INTRODUCTORY NOTE
As previously reported in the Current Report on Form 8-K filed with the U.S. Securities and Exchange Commission (the “SEC”) on January 19, 2023, by Concert Pharmaceuticals, Inc., a Delaware corporation (the “Company” or “Concert”), Concert entered into an Agreement and Plan of Merger, dated January 19, 2023 (the “Merger Agreement”), with Sun Pharmaceutical Industries Ltd., an entity organized under the laws of India (“Parent” or “Sun Pharma”), and Foliage Merger Sub, Inc., a Delaware corporation and a wholly owned indirect subsidiary of Parent (“Purchaser”). All capitalized terms used herein and not otherwise defined have the meanings given to such terms in the Merger Agreement.
Pursuant to the Merger Agreement, and upon the terms and subject to the conditions thereof, Purchaser commenced a tender offer (the “Offer”) on February 2, 2023 to acquire all of the issued and outstanding shares of common stock of Concert, par value $0.001 per share (the “Company Common Stock”), for (i) $8.00 per share of Company Common Stock (the “Common Cash Amount”), in cash, subject to any applicable withholding of taxes and without interest, plus (ii) one contingent value right (each a “CVR”) per share of Company Common Stock (the “Common CVR Amount”), subject to any applicable withholding of taxes and without interest, which represents the right to receive contingent payments, in cash, subject to any applicable withholding of taxes and without interest, upon the achievement of the milestones set forth in, and subject to and in accordance with the terms and conditions of, the CVR Agreement (as defined below) (the Common Cash Amount plus the Common CVR Amount, collectively being the “Offer Price”).

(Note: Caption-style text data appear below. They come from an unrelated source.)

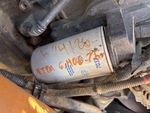 Motor with
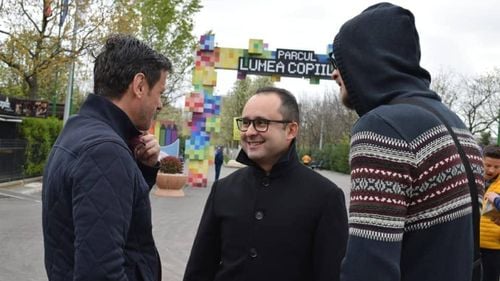 Cristian Bușoi, șeful PNL București, a demisionat din funcție după rezultatul slab de la europarlamentare. Rareș Bogdan, favorit să preia funcția / Au demisionat și șefii a 5 sectoare, mai puțin Anca Boagiu de la S2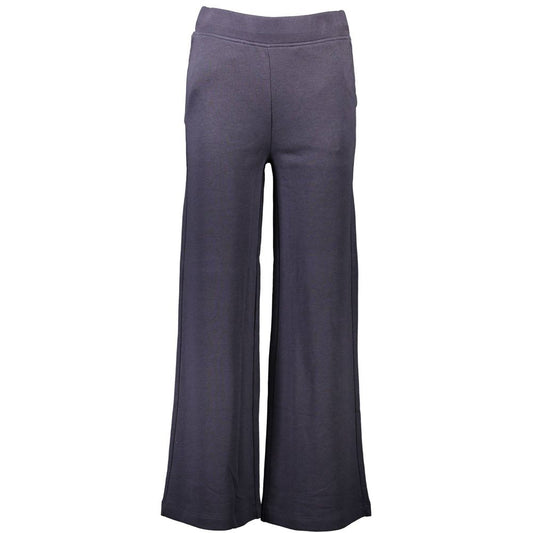Gant Sea Wave Baumwoll-Sweatpants für Damen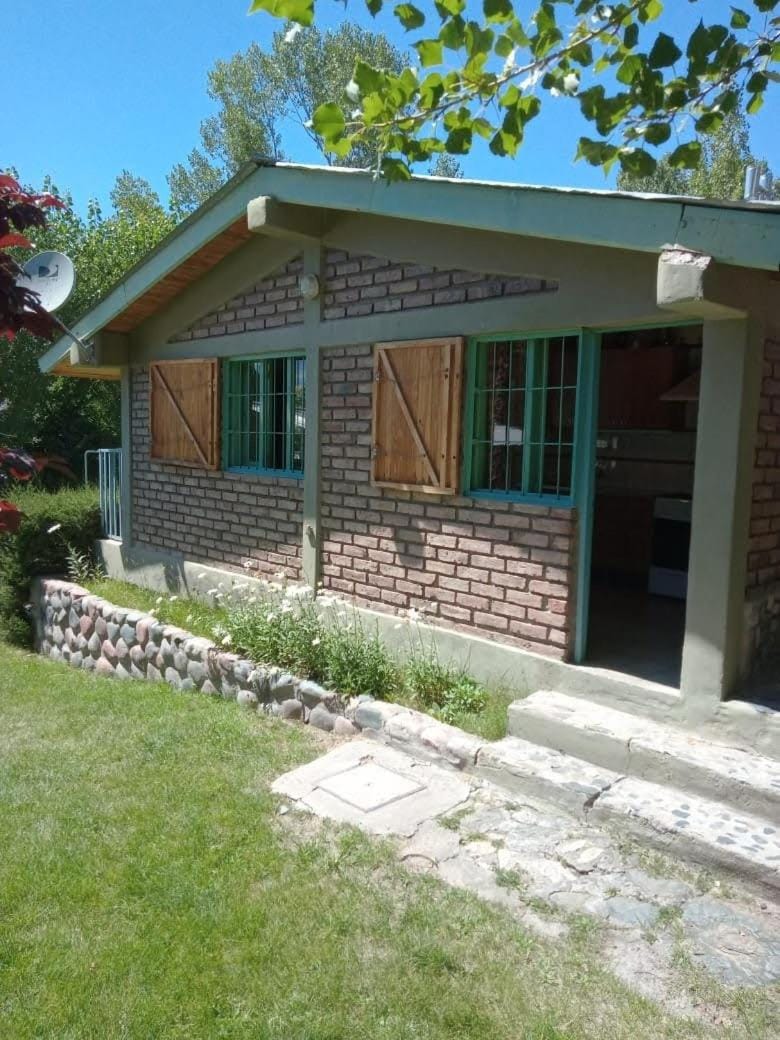 Cabaña Pamayge Chalet in Mendoza Province Province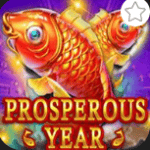 Game slot online Prosperous Year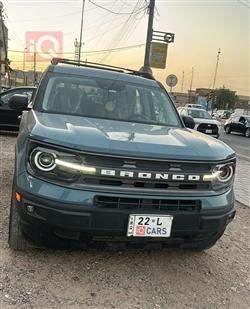 فۆرد برۆنکۆ سپۆرت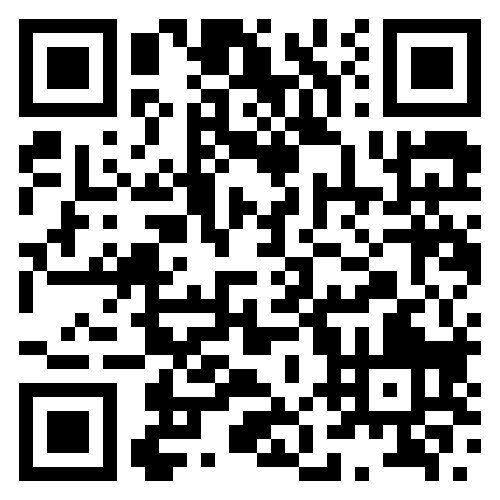 Scan to follow on Threads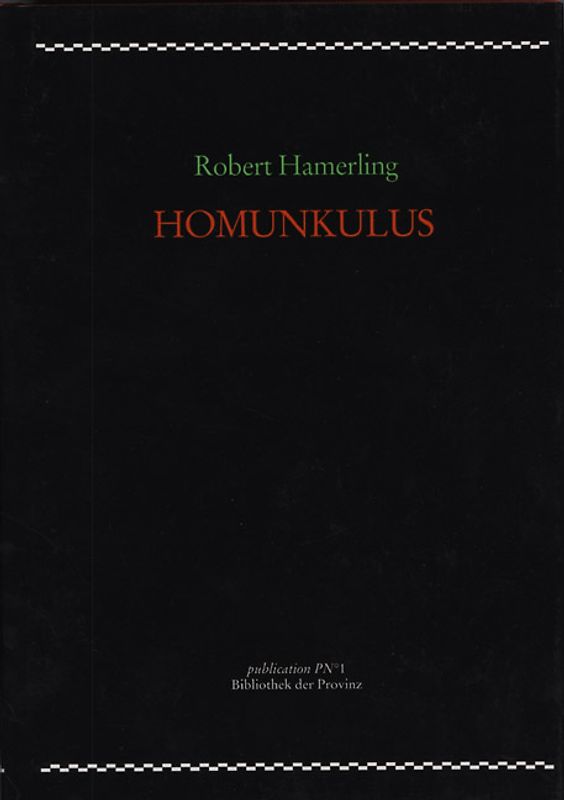 Homunkulus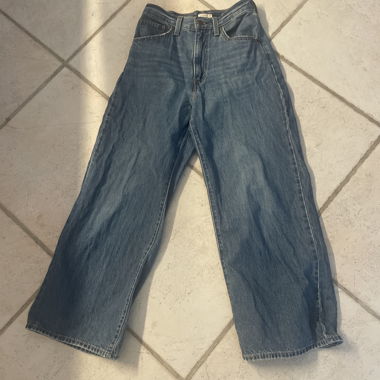 Cinch Baggy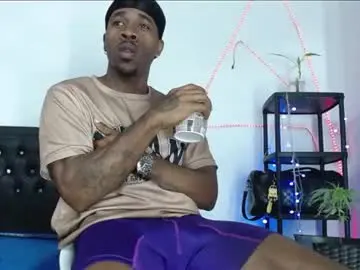 Chaturbate Free Porn Cam of damian_hart_24cm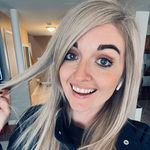 Michelle Dykstra - @mdykstra2 - Instagram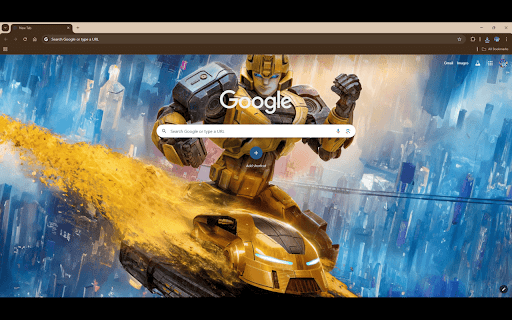 Transformers ONE B 127  from Chrome web store to be run with OffiDocs Chromium online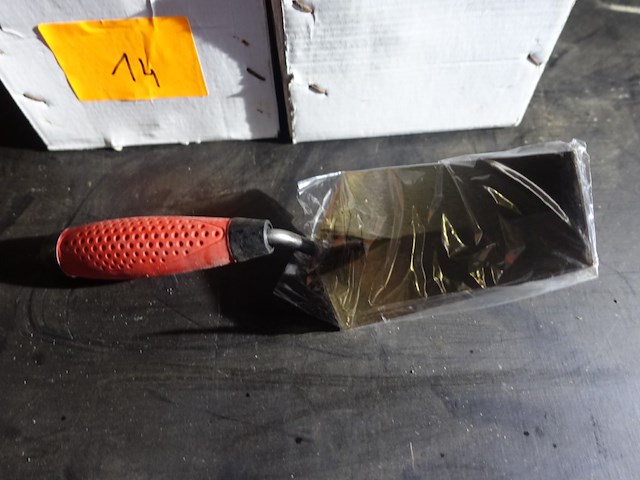 Lot truwelen (2dozen) - afbeelding 6 van  8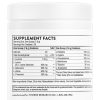 Thorne Amino Complex - Berry Flavor (8.0 oz Berry) - NSF Certified EAA and BCAA powder for muscle recovery and performance.
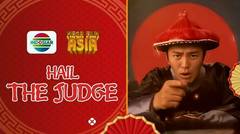 Mega Film Asia : Hail The Judge - 25 April 2024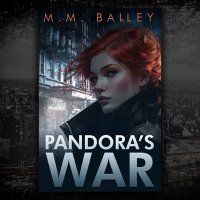M.M.Bailey (@m_m_bailey) 's Twitter Profile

The Offer and related withdrawal rights expired as scheduled at one minute after 11:59 p.m., New York City time, on March 3, 2023 (such date, the “Expiration Date”). Computershare Trust Company, N.A., in its capacity as the depositary for the Offer, has advised that, as of the expiration of the Offer, 48,220,511 shares of Company Common Stock were validly tendered and not validly withdrawn pursuant to the Offer, representing approximately 75.2% of the total number of shares of Company Common Stock outstanding at the time of the expiration of the Offer. The number of shares of Company Common Stock tendered satisfied the Minimum Condition. Furthermore, on March 3, 2023 at 11:59 p.m., New York City time, the required waiting period under the Hart-Scott-Rodino Antitrust Improvements Act of 1976, as amended, with respect to the Offer and the Merger expired. Accordingly, all conditions of the Offer have been satisfied, and Purchaser has accepted for payment all the shares of Company Common Stock validly tendered and not validly withdrawn pursuant to the Offer.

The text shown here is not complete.